The Hillman and the Housewife
Juliana H. Ewing
O NE day a hillman knocked at the door of a selfish housewife.
"Can you lend me a saucepan, good mother?" said he. "There's a wedding in the hill, and all the pots are in use."
Is he to have one?" asked the servant girl who had opened the door.
"Ay, to be sure," said the housewife. But when the maid was taking a saucepan from the shelf, the housewife whispered slyly to her, "Do not lend him a good pan; get the old one out of the cupboard. It leaks, and the hillmen are so neat and such nimble workers that they are sure to mend it before they send it home. So one does a good turn and saves sixpence from the tinker."
The maid fetched the old saucepan which had been laid by till the tinker's next visit and gave it to the dwarf, who thanked her and went away.

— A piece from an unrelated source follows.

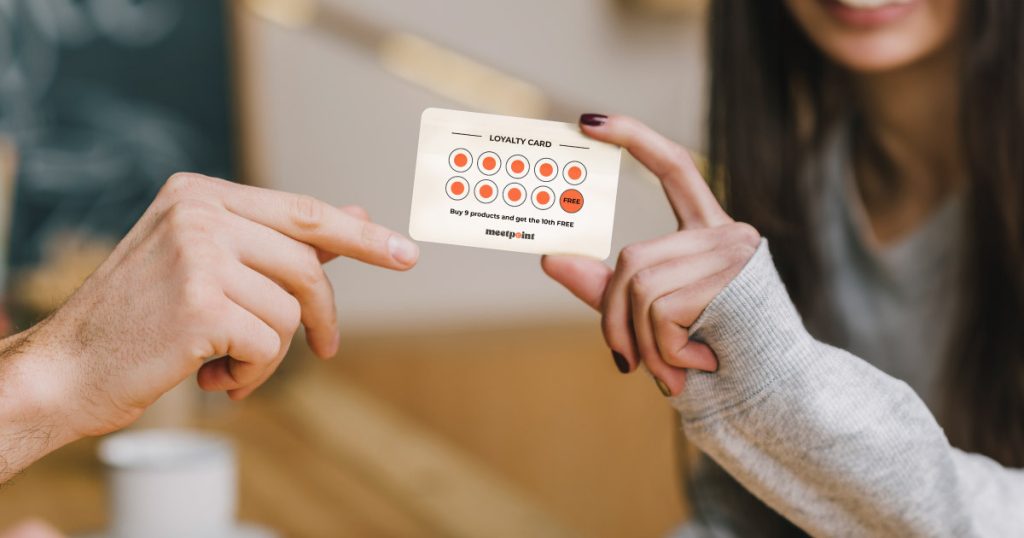 a loyalty card from a customer loyalty program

The saucepan was soon returned neatly mended and ready for use. At supper time the maid filled the pan with milk and set it on the fire for the children's supper, but in a few minutes the milk was so burned and smoked that no one could touch it. Even the pigs would not drink the wash into which the milk was thrown.
"Ah, you good-for-nothing girl!" cried the housewife as this time she filled the pan herself. "Your careless ways would ruin the richest. There's a whole quart of milk spoiled at once."
"A quart of milk costs twopence!" cried a queer small voice from the chimney corner.
The housewife had not left the saucepan for two minutes when the milk boiled over and was all burned and smoked as before.
"The pan must be dirty," cried the housewife in a rage; "and there are two full quarts of milk as good as thrown to the dogs. Oh, what dreadful waste!"
"Two quarts of milk cost fourpence!" cried the queer small voice.
After a long scrubbing, the saucepan was once more filled with milk and set on the fire, but in a little while the milk was burned and smoked again.
The housewife burst into tears at the waste, and cried out, "Never before did such a thing happen to me since I kept house! Three quarts of milk burned for one meal."
"Three quarts of milk cost sixpence!" cried the queer small voice. "You didn't save the tinker after all!"
Then the hillman himself came tumbling down the chimney and went off laughing through the door. But from that time the saucepan was as good as any other.